## Dataset content
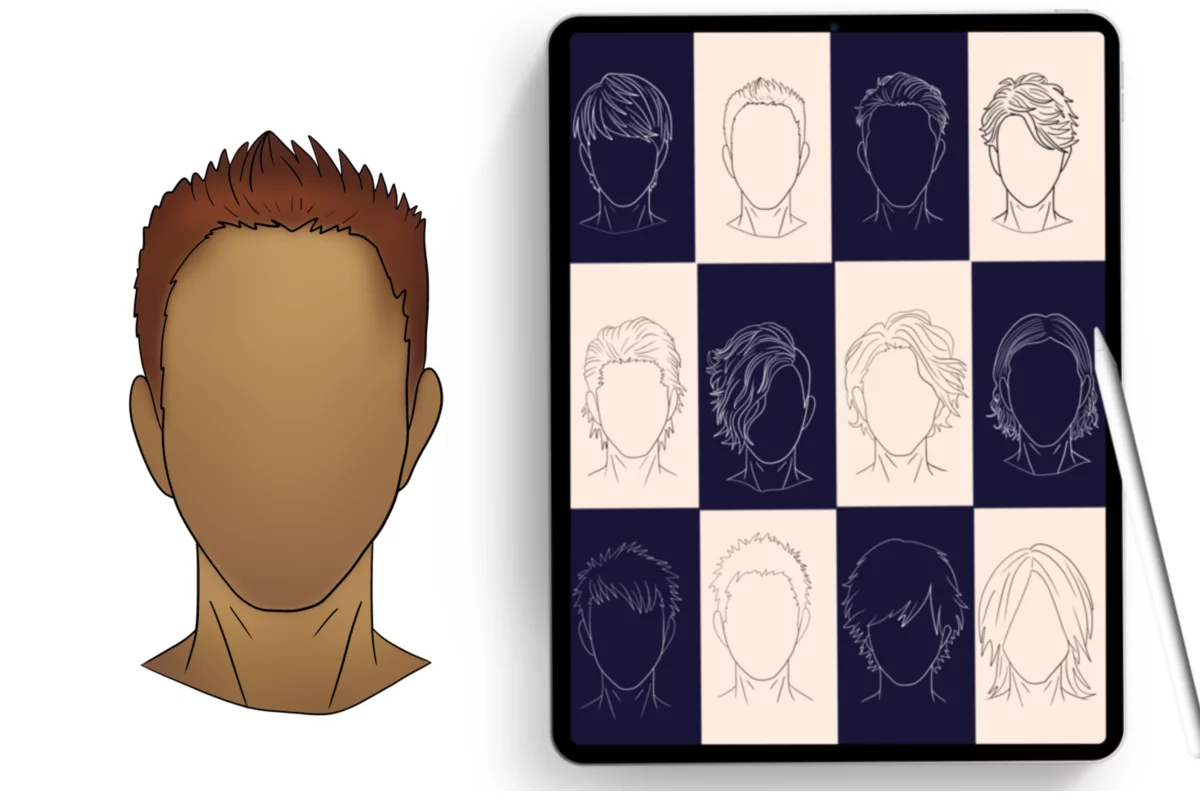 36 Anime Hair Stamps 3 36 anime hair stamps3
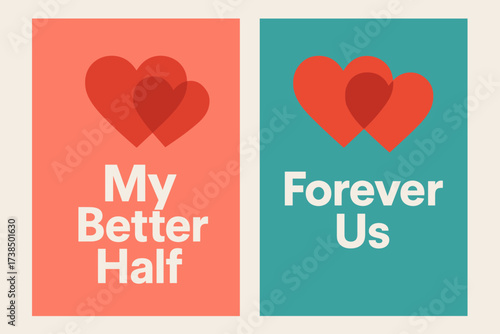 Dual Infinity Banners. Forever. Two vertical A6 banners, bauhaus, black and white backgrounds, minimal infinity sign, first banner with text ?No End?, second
==
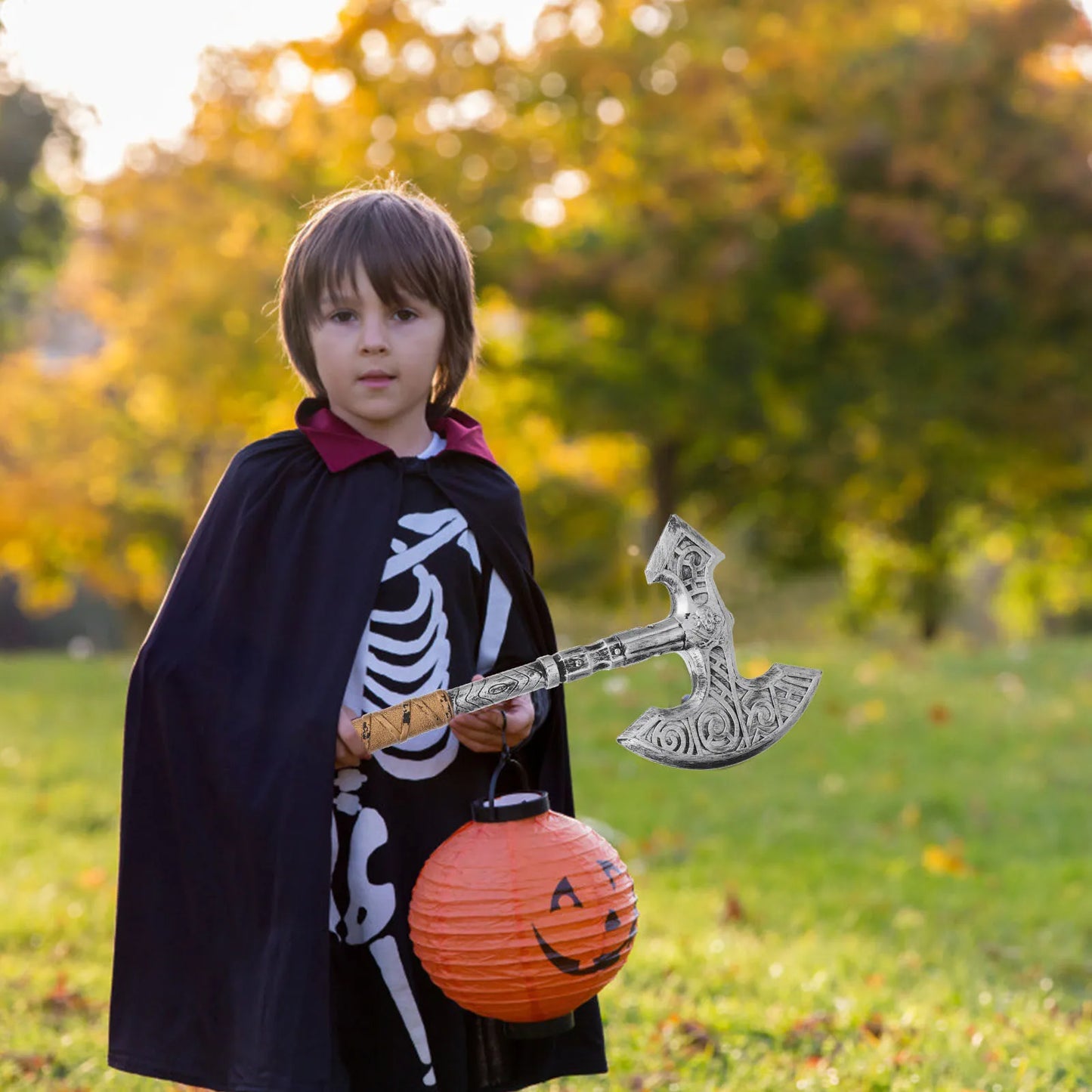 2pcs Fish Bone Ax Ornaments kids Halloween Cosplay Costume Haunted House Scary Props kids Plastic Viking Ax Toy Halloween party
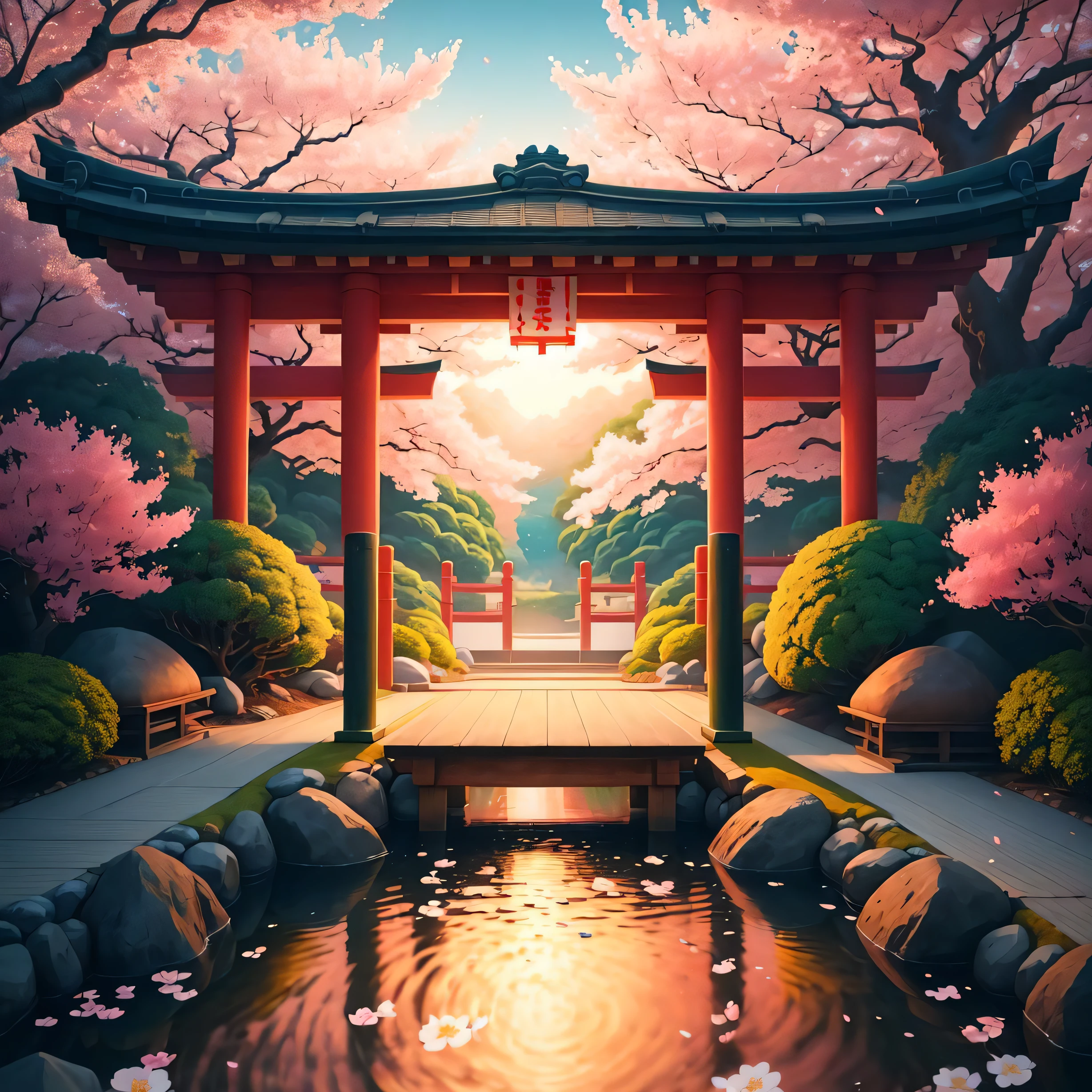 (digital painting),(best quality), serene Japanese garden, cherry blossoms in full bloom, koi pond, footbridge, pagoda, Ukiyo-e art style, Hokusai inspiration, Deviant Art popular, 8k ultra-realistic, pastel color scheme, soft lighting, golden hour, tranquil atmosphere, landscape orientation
--
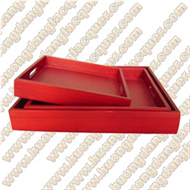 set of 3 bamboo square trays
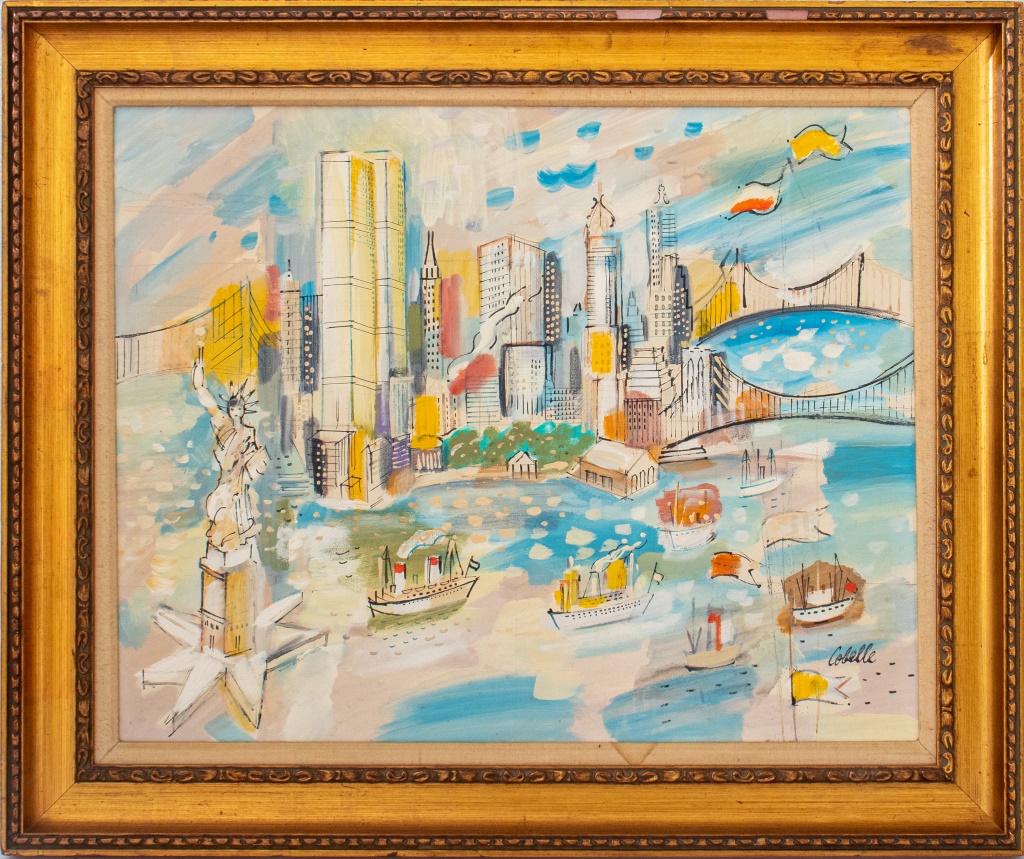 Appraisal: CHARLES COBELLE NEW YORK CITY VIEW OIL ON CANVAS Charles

## Work required
Go down the entries above from the line containing "36 Anime Hair Stamps 3 36 anime hair stamps3" to the line containing "Dual Infinity Banners." and write out each line exactly, leaving pictures out.

## Output below
 36 Anime Hair Stamps 3 36 anime hair stamps3
 Dual Infinity Banners. Forever. Two vertical A6 banners, bauhaus, black and white backgrounds, minimal infinity sign, first banner with text ?No End?, second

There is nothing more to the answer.